- DATASET CONTENT:
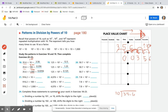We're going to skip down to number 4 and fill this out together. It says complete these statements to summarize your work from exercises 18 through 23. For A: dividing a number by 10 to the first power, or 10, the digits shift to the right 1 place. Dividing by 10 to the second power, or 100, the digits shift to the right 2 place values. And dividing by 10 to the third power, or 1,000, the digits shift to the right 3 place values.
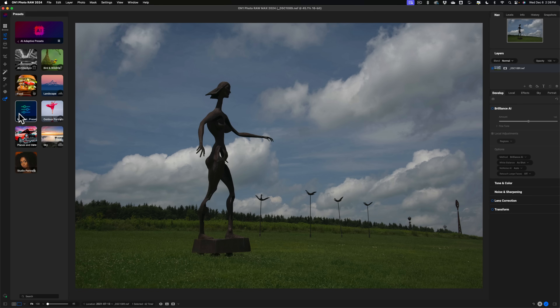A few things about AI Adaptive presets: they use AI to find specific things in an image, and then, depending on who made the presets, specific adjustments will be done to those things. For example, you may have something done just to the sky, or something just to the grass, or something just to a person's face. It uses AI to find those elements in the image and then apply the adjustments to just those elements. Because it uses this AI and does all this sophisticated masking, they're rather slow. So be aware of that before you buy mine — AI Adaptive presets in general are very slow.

==

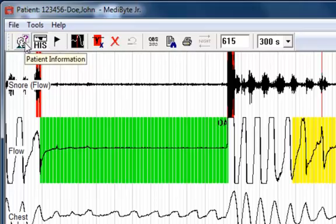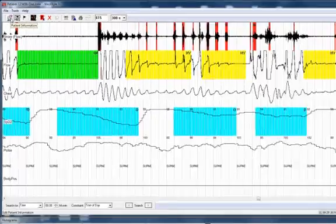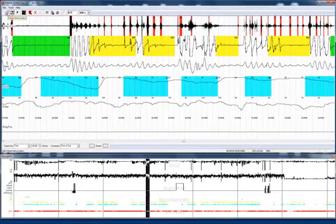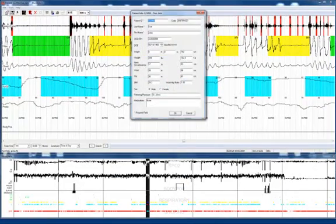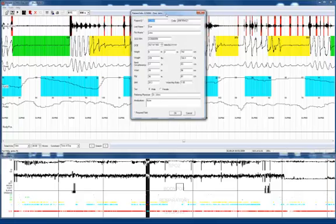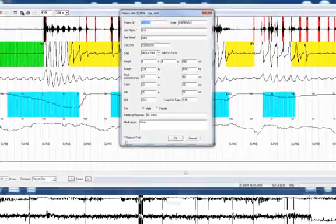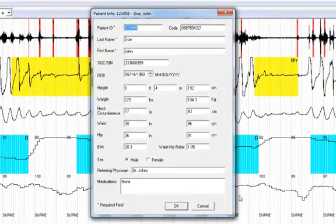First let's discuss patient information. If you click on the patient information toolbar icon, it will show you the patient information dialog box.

- YOUR TASK:
With the pictures omitted, copy the entries above exactly from the line containing "We're going to" through the line containing "A few things", both lines included.

- RESULT OF THIS EXERCISE:
We're going to skip down to number 4 and fill this out together. It says complete these statements to summarize your work from exercises 18 through 23. For A: dividing a number by 10 to the first power, or 10, the digits shift to the right 1 place. Dividing by 10 to the second power, or 100, the digits shift to the right 2 place values. And dividing by 10 to the third power, or 1,000, the digits shift to the right 3 place values.
A few things about AI Adaptive presets: they use AI to find specific things in an image, and then, depending on who made the presets, specific adjustments will be done to those things. For example, you may have something done just to the sky, or something just to the grass, or something just to a person's face. It uses AI to find those elements in the image and then apply the adjustments to just those elements. Because it uses this AI and does all this sophisticated masking, they're rather slow. So be aware of that before you buy mine — AI Adaptive presets in general are very slow.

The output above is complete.